В ранней редакции Воланд предрекал Сокову смерть через год, но не называл точной даты. Февраль будущего года как время смерти буфетчика появился в тексте романа в январе 1940 года, так же как и визит Андрея Фокича к профессору Кузьмину. Смертельно больной писатель вывел здесь реального профессора В.И.Кузьмина, безуспешно лечившего его в конце 1939 года от наследственного нефросклероза. Называя февраль, Булгаков как бы предсказывал тогда собственную смерть, но ошибся на несколько дней: он умер 10 марта 1940 года (по хронологии «Мастера и Маргариты» смерть Сокова происходит за десять лет до того — в феврале 1930 года).

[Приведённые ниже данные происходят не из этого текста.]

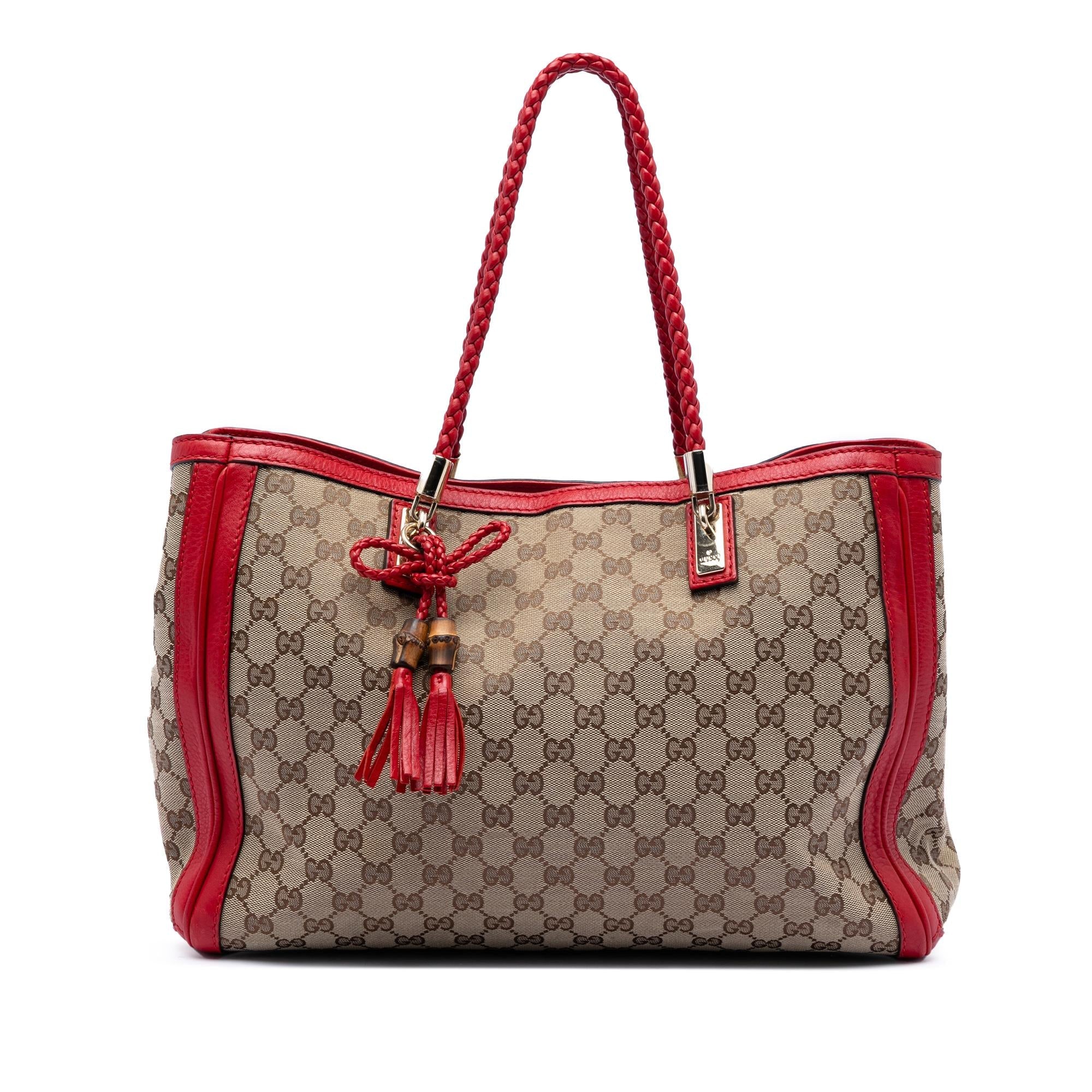 Gucci Medium GG Canvas Bella Tote
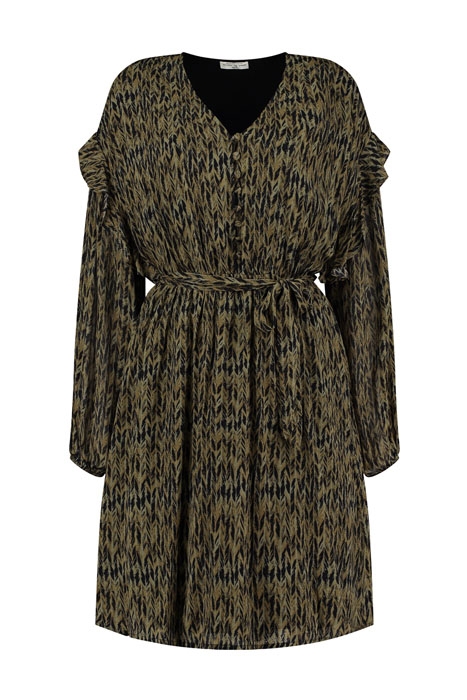 EVIE DRESS ARMY BRAID PRINT 1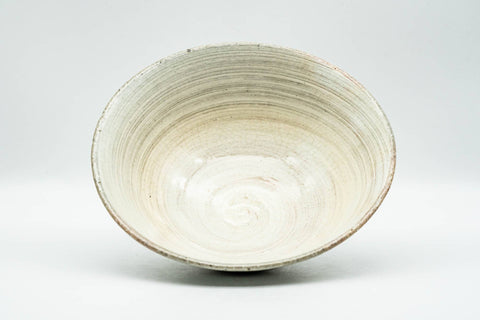 Japanese Matcha Bowl - Grey Pink Hakeme Glazed Summer Chawan - 150ml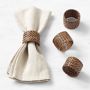 Nito Napkin Rings, Set of 4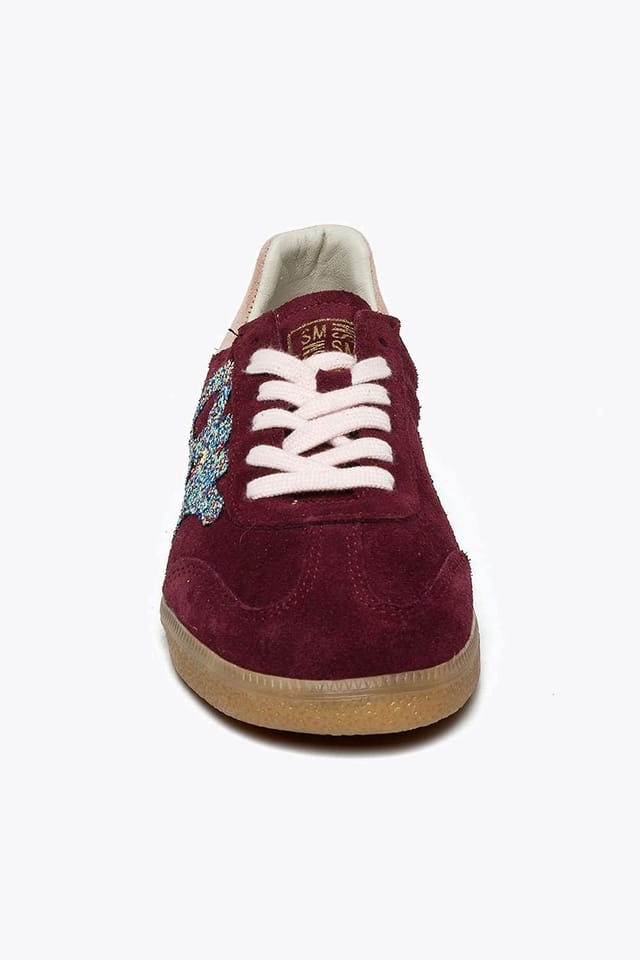 Steve Madden STEVE MADDEN Women's 'Elora Bum' Trainers in Wine - 3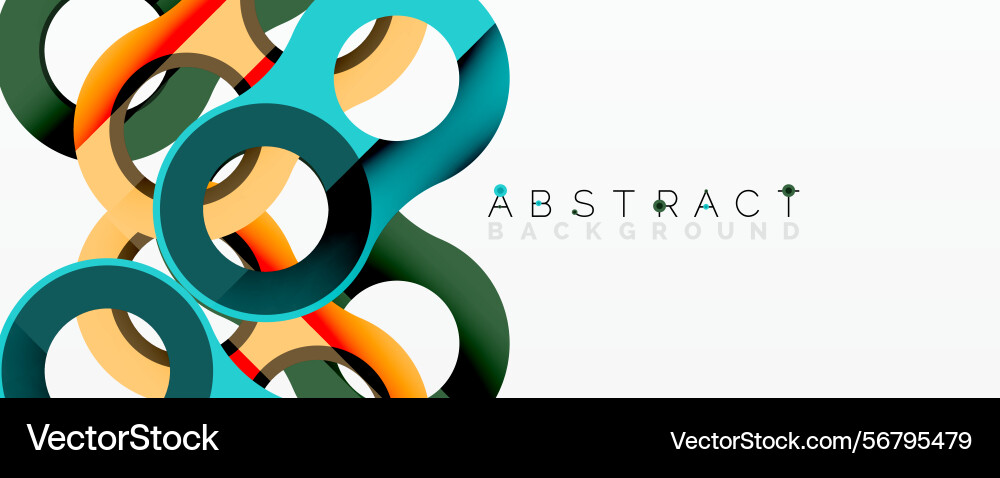 Modern abstract design interlocking colorful Modern abstract design interlocking colorful Vector Image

Сцена визита Сокова к Воланду, когда посетитель обнаруживает, что его шляпа, поданная ведьмой Геллой, превратилась в черного котенка, имеет своим источником то место у Белого, когда при посещении Мандро профессором Коробкиным хозяин указывает близорукому гостю вместо его меховой шапки на свернувшегося клубочком кота. Герой «Московского чудака» «надел на себя не кота, а — терновый венец». У Булгакова шляпа на голове злосчастного буфетчика превращается в котенка, который и расцарапал лысину Сокова. Перед тем как вернуться за шляпой, плут буфетчик поминает Христа: «Оставьте меня, Христа ради», — обращаясь к женщине, пытавшейся его задержать. Немедленно следует пародийное наказание со стороны нечистой силы, и Соков претерпевает те же муки, что и Христос перед распятием — котенок, возникший из шляпы, играет здесь роль тернового венца.

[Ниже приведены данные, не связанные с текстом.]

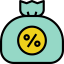 Money bag icon 64x64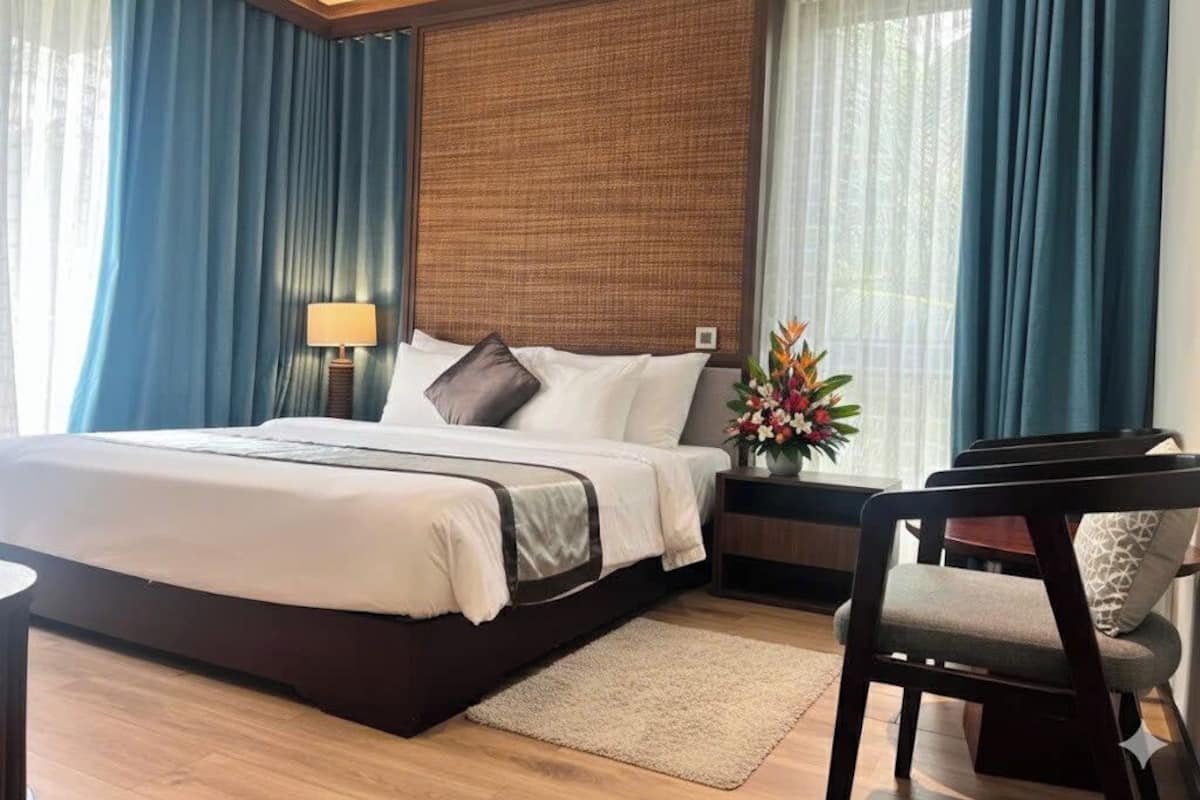 Deluxe-Doppelzimmer | Minibar, Zimmersafe, Schreibtisch, laptopgeeigneter Arbeitsplatz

И в «Московском чудаке», и в «Мастере и Маргарите» оба героя, подвергшиеся сходному истязанию, вскоре должны погибнуть. Белый в своем романе ориентировался на рассказ Эдгара По «Черный кот», где кот сидит на черепе трупа. Вероятно, Булгакову был известен не только роман Белого, но и этот рассказ «предтечи символизма». В ранней редакции «Мастера и Маргариты» описание кабинета Воланда, каким его видел буфетчик, почти совпадало с описанием кабинета Мандро. У Белого «фестонный камин в завитках рококо открывал свою черную пасть». У Булгакова «на зов из черной пасти камина вылез черный кот».

Глава придуманной Булгаковым Акустической комиссии Аркадий Аполлонович Семплеяров имеет легко узнаваемых реальных прототипов. Фамилия «Семплеяров» произведена от фамилии хорошего знакомого Булгакова, композитора и дирижера Александра Афанасьевича Спендиарова. Вторая жена писателя Л.Е.Белозерская вспоминает о знакомстве со Спендиаровым и его семейством в начале 1927 года и приводит дневниковый рассказ его дочери Марины: «Мы с папой были у Булгаковых. Любовь Евгеньевна спросила заранее, какое любимое папино блюдо. Я сказала: „Рябчики с красной капустой“! С утра я искала папу, чтобы сообщить ему адрес Булгаковых… Помню его голос в телефоне: „Это ты, Марюшка? Ну, что ты? Ну, говори адрес… Хорошо, я приду, детка“. Когда я пришла, Михаил Афанасьевич, Любовь Евгеньевна и папа сидели вокруг стола. Папа сидел спиной к свету на фоне рождественской елки. Меня поразило то, что он такой грустный, поникший. Он весь в себе был, в своих мрачных мыслях и, не выходя из своего мрачного в то время мирка, говорил, глядя в тарелку, о накопившихся у него неприятностях. Потом, как-то неожиданно для нас всех, перешел на восхваление Армении. Чувствовалось, что в сутолочной Москве он соскучился по ней».

Сама Л.Е.Белозерская отозвалась о прототипе Семплеярова так: «Мне Александр Афанасьевич понравился, но показался необычайно озабоченным, а поэтому каким-то отсутствующим». Именно таким выглядит Аркадий Аполлонович после скандала в Театре Варьете, где были разоблачены Коровьевым-Фаготом его любовные похождения. Тогда супруга Семплеярова на телефонный звонок «ответила мрачно, что Аркадий Аполлонович нездоров, лег почивать и подойти к аппарату не может». Разговор его с представителем учреждения, имевшего короткое, но грозное название (в ранних редакциях романа прямо называвшегося — ГПУ), во многом напоминает разговор с М.А.Спендиаровой: «Да, да, да, как же, я понимаю… Сейчас выезжаю».